Tolto Howard, di centri di cui ci ricorderemo fra vent’anni, per ora, sembra non se ne veda nemmeno l’ombra…

Howard: l’ultimo centro?

Il gioco è così cambiato che, attualmente, si può persino dubitare che, in fondo, Howard sia un centro “puro”, quanto piuttosto un giocatore così limitato tecnicamente che non può giocare che da cinque.

Di Dwight è infatti innegabile che:

– non ha un gioco offensivo vagamente presentabile per essere utile anche come ala grande;

– per atletismo ed esplosività è un mismatch per quasi tutti i centri “contemporanei”

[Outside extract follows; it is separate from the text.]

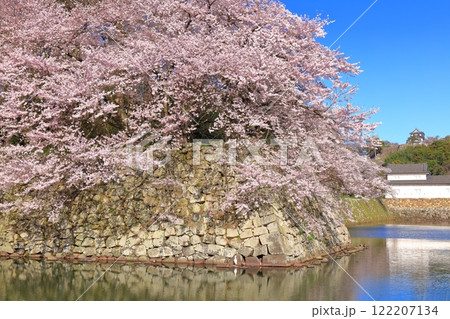 【滋賀県】桜が満開の彦根城天守閣と中堀 【滋賀県】桜が満開の彦根城天守閣と中堀 122207134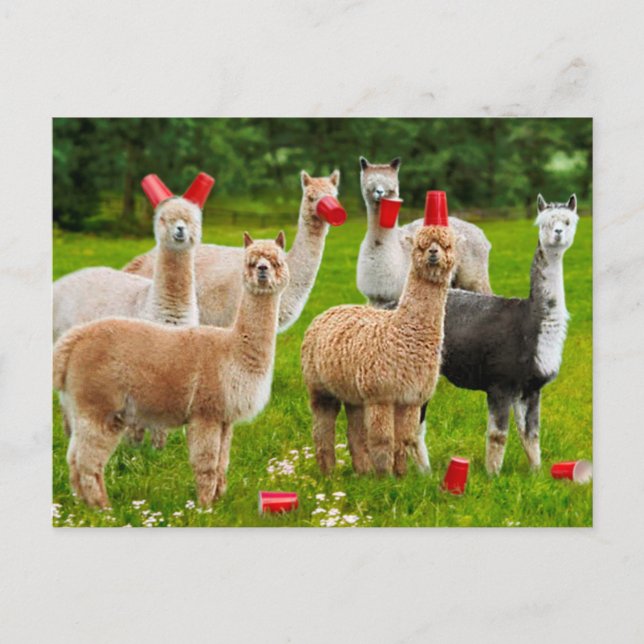 Invitation Carte Postale Alpacas Avec Coupes Rouges (Devant)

– costringe la difesa ed impegnarsi “fisicamente” su di lui, per negare affondate o appoggi facili, caricandola di falli e creando spazi per i suoi compagni.

Eppure, è utile guardare retrospettivamente anche ai suoi primi passi in Nba, poiché “ognuno è sempre figlio della sua storia”.

Da rookie, trova come unico centro in squadra il neo-acquisto Kelvin Cato (6-11): molto simile a Dwight come limiti di gioco, un po’ più tosto ed esperto (ecco perché giocò lui centro) ed ormai al settimo anno di una carriera chiaramente non destinata agli annali più prestigiosi.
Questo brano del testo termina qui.